When to Scale
Knowing when and what to scale is key to ensuring the uptime of your application. In the heat of the moment, it's easy to panic and just scale everything, but there's a couple of rules and questions to ask that will help identify what, how, and when something should be scaled.
Most of the concepts outlined in this doc apply to components that have been moved into horizontal clusters. Single, bunkhouse servers have limited scalability.
1. Check Component Stats & Logs First
If you notice degraded performance or odd behavior, the first things you should look at are your server/components stats and logs. Each will provide valuable information about what's going on and what actions to take. More information below.
2. Preemptive Scaling is Better than Reactive Scaling
If you know a period of high demand is coming, scale up before it hits. It's always better to scale up before users start to experience issues than waiting until after they run into them.
3. Know How Your App Uses Resources
Understanding how each component in your app uses its available resources is extremely helpful when identifying what to scale and how to scale it. Below are some questions to ask when identifying what action needs to be taken.
What are my component stats and logs telling me?
Your server/component stats and logs are the first place to look. If you see that RAM usage is high on one of your services, it's likely that's the component that needs scaling. But high RAM usage doesn't necessarily tell you how to scale. The next question will help to answer that.
Another use case involves resource usage appearing normal, but errors appearing in the logs indicating other errors, such as maxed out connections. It's possible to max out connections on an node without affecting the node's resource usage. In this case, you can immediately assume that the component needs more nodes rather than more resources. Adding nodes will increase the number of possible connections available to the service.

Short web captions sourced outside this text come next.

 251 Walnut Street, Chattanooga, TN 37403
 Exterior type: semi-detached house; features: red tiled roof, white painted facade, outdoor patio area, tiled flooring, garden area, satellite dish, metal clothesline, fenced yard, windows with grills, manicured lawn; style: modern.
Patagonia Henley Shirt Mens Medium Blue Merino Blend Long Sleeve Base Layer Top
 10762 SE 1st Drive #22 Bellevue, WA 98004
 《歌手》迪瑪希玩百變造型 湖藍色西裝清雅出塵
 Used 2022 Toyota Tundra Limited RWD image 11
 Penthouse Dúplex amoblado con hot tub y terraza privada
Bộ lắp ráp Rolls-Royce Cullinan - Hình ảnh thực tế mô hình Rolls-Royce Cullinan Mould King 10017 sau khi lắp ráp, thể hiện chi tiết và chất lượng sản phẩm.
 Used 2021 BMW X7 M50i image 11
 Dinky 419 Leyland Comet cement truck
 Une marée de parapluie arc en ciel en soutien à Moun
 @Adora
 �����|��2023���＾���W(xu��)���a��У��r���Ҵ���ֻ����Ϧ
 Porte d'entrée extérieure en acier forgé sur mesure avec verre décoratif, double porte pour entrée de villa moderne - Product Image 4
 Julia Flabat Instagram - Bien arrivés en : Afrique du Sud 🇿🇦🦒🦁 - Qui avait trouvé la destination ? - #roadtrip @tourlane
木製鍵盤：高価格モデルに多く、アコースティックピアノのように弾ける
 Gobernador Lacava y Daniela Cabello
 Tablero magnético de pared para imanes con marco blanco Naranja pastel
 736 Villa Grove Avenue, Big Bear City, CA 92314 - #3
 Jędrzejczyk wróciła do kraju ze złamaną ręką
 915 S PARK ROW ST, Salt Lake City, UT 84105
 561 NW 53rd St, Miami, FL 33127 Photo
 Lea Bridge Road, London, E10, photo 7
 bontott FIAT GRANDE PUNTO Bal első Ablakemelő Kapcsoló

Is the component under abnormal load?
Understanding how a component performs under different levels of load will tell you the most effective means of scaling that component. For example, if while under little or no load, a component uses most of its available resources, the most effective scaling strategy for that particular component will be scaling vertically - adding more resources. On the other hand, if while under little or no load, a component uses hardly any of its available resources, but as traffic increases, it's resource consumption does as well, the answer to the next question will help to identify the best scaling method.
If under high load, what is the nature/cause of the load?
If you know a component is under load, it's important to understand the nature and cause of the load. When a component is under stress, it's usually caused by one of three things:
- Large amounts of concurrent requests or queries
- Resource-intensive requests or queries
- Large amounts of data being stored in RAM or written to disk
For web and worker components, highly concurrent requests are best addressed by scaling horizontally. Adding nodes to your component cluster increases a web/worker component's ability to handle concurrent requests. If a web or worker is running a resource-intensive process, then scaling vertically is the best way to address performance issues.
The primary means for relieving stress on data components (with a few exceptions) is scaling vertically. Adding more resources will address all three of the major causes of stress.
Probably the best way to understand how and when to scale is to walk through some basic use cases.
Your Blog Post Hits No.1 on Hacker News
Problem: You're blog runs on a simple WordPress. You write this awesome post that changes the development world and shoots up to the top of Hacker News. All of the sudden, your blog is inundated with traffic, your web component's RAM usage jumps to 99% and your database stays steady right around 65% RAM Usage.
Solution: The first thing to do would be to add more nodes to your web component. WordPress is a fairly lightweight CMS that doesn't require a lot of processing power so scaling vertically wouldn't be the best approach for handling the traffic. Adding multiple nodes would increase your web's connection pool and ability to process concurrent requests. Your RAM usage would drop as the traffic load gets spread across multiple nodes.
At this point, you may not need to scale your database, but as traffic increases, you'll probably see an increase in the RAM usage. Once analytics show your DB in the red, you'll probably want to scale up.
Developing an Image Processing Service
Problem: You're developing an image processing service with a light front-end and a worker that handles the image processing. Your front-end works fine, but once you send a job to the worker, the worker's CPU usage spikes and the job never finishes.
Solution: Image processing can be very demanding. In this case, your worker doesn't have enough compute resources to handle the image processing. By scaling vertically (adding additional resources), the worker will be able to complete what's required of it. Because a single worker node can only work on one job at a time, horizontal scaling won't help the jobs complete. But once you move into production and concurrency picks up, horizontal scaling will increase your worker's throughput.
Ecommerce Store During the Holidays
Problem: It's that wonderful time of the year when everyone starts shopping online and Ecommerce stores do the majority of their annual sales. During times like this, chances are all your services will start to be in the red.
Solution: Keep an eye on your stats to know what components in your application should be scaled. Scale your components when resource usage is high. Take comfort in the fact that your app can be scaled up to handle the surge in traffic and then back down when it's all over.